Shasta Dam is breathtaking not only for its great size, it stands 602 feet high, but for its majestic setting in the southern range of the Cascades. Bureau of Reclamation

Northern California’s Shasta Dam is a keystone of the Bureau of Reclamation’s huge Central Valley Project, which involves 35 of California's counties and two major watersheds: those of the Sacramento River on the north and the San Joaquin River on the south. Together, these watersheds extend for nearly 500 miles, feeding the heart of California’s long, flat Central Valley, one of the most fertile and productive garden spots in the world. Grown here are more than 250 varieties of crops, including the almonds, artichokes, avocados and wine grapes that make California famous for more than movie stars. 

Shasta Dam, dwarfed only by Hoover and Grand Coulee dams when it was completed on the Sacramento River in 1945, is breathtaking not only for its great size, but for its majestic setting in the southern range of the Cascades. The 602 foot-high, concrete, curved gravity dam holds back an immense blue reservoir, Lake Shasta, which boasts a 365-mile shoreline nestled amid evergreen hills and the snow-covered volcanic peak of Mount Shasta. 

Shasta not only stores water to irrigate valley farms to the south, but it protects them from floods and the intrusion of saline ocean water that flows in from San Francisco Bay. The dam also provides water for towns and industries and furnishes hydroelectric power. Shasta is only one of 20 dams and reservoirs on Reclamation’s Central Valley Project, but it has been a key component from the beginning.

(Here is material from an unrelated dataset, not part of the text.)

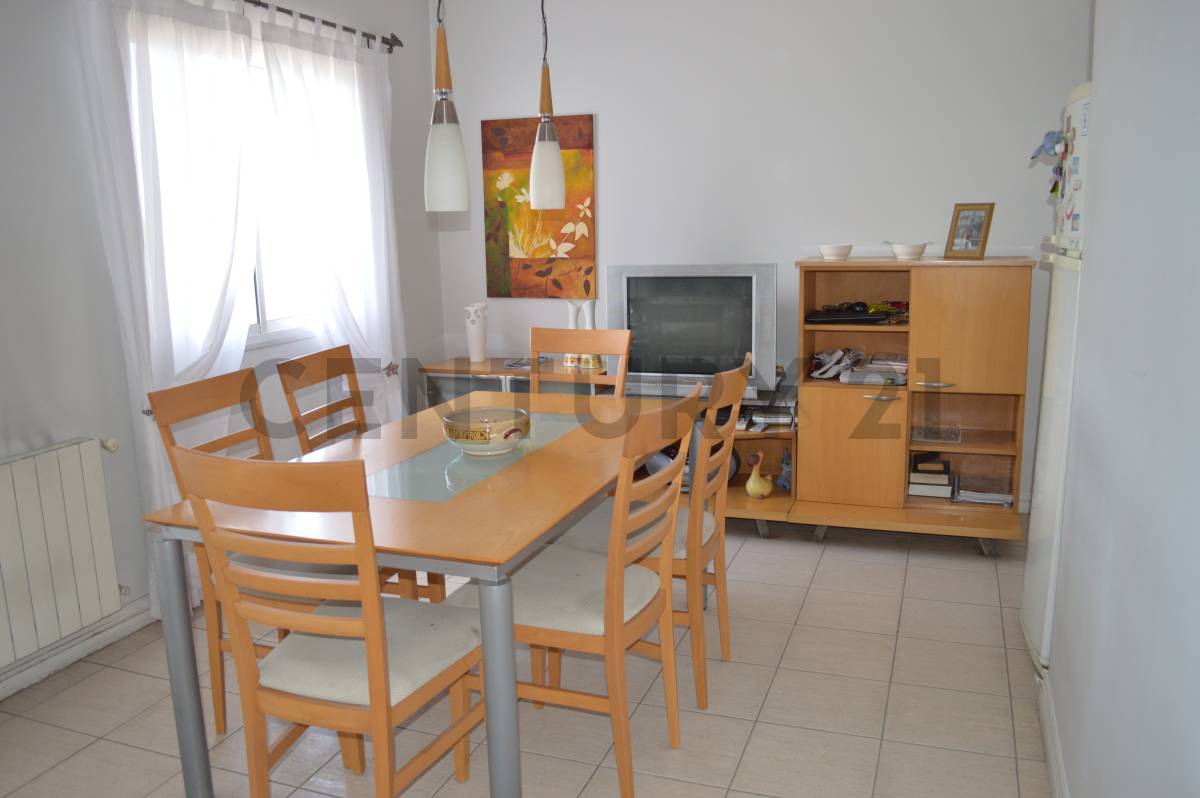 Departamento en Venta en Capital, Mendoza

The project did not begin with the Federal Government, but with the State of California, which long recognized the benefits to be had by connecting the thirsty Central Valley with the state’s water-rich mountains. Stretching 400 miles from north to south, the valley’s precipitation fluctuates significantly. While the southern end below Bakersfield receives an average of only five inches of rain a year, the northern area around Redding gets more than 30. Then again, because most of the rain and snow falls from December through April, the Central Valley is subject to flooding in the spring or prolonged droughts. One drought was so severe in 1863-64 that it devastated California’s cattle industry, which was once prominent in the region’s history. 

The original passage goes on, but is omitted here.